À propos des deniers livres de Pascal Quignard, David Fauquemberg et Lieve Joris, de Walter Benjamin et de Guido Ceronetti, de Vassili Grossman, de Thomas Sankara et de la momie Mitterrand.


Je venais de retrouver mon exemplaire d’Images de pensée de Walter Benjamin, en rangeant ma bibliothèque, lorsque j’ai commencé de lire le dernier livre de Pascal Quignard, La barque silencieuse, dont les premières pages évoquent ce mouvement qui définit entre tous le « littéraire», consistant à aller au fond des mots, en l’occurrence le premier mot de corbillard, issu des coches d'eau sur lesquels on transportait les nourrissons sur la Seine entre Corbeil et Paris, hurlants.
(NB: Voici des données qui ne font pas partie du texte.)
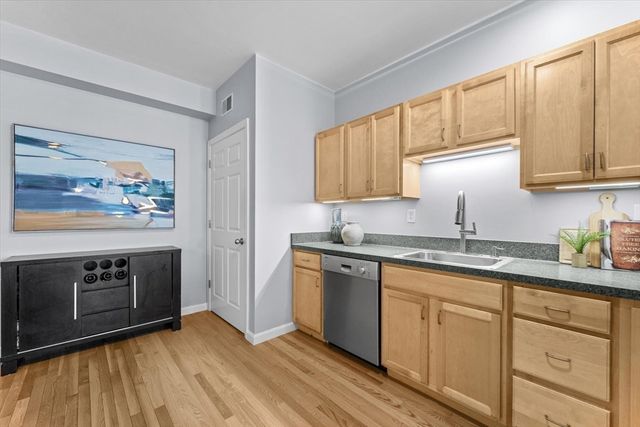 190 F St 6, Boston, MA 02127
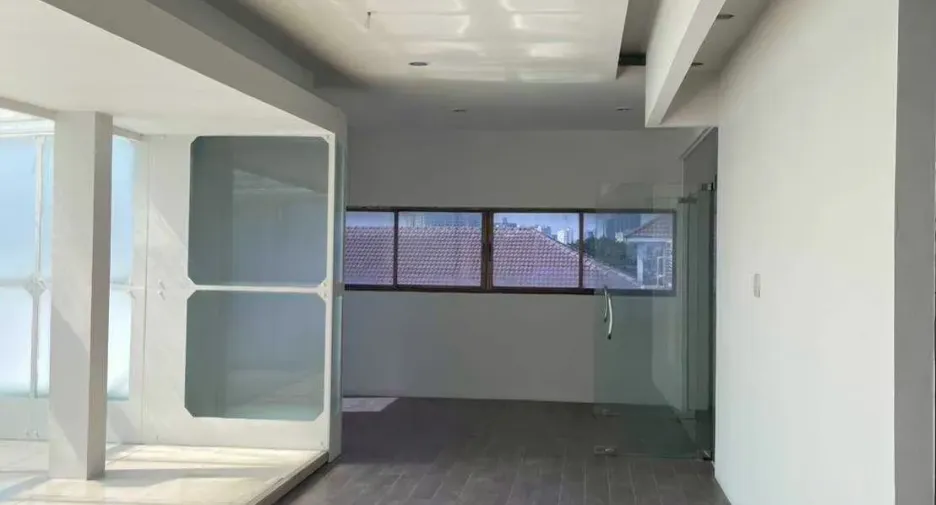 Almacén en alquiler y en venta en Bang Kapi, Bangkok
En même temps que j’évoquais, dans un récit que je suis en train de finir sous le titre de L’Enfant prodigue, mes retrouvailles imaginaires avec mon premier mort, à dix ans, dans le quartier des Oiseaux de notre enfance, en la personne d’un petit leucémique prénommé Pierre-Alain ou Pierre-Louis, je ne sais plus bien, et que j’ai appelé Pilou, en même temps que je nous revoyais observer les scarabées je lisais ces jours le très étrange nouveau livre du très étrange Jean-Marc Lovay, Tout là-bas avec Capolino, qui lui aussi descend au fond des mots comme un plongeur en apnée, à la recherche en outre de ce qu’on pourrait dire l’Esprit du conte. Or ce que je me dis à chaque fois, de telle nouvelle rencontre survenue en ce moment précis, et pas à un autre, à telle autre intersection d’observations ou d’expériences, que ces coïncidences figurent le croisement par excellence de la vie et de nos destins. Vie et destin, soit dit en passant : grande rencontre et grande expérience, il y a pas mal d'années déjà, de cet immense roman de Vassili Grossman qui me reste comme un inoubliable concentré de mots sondant l’existence…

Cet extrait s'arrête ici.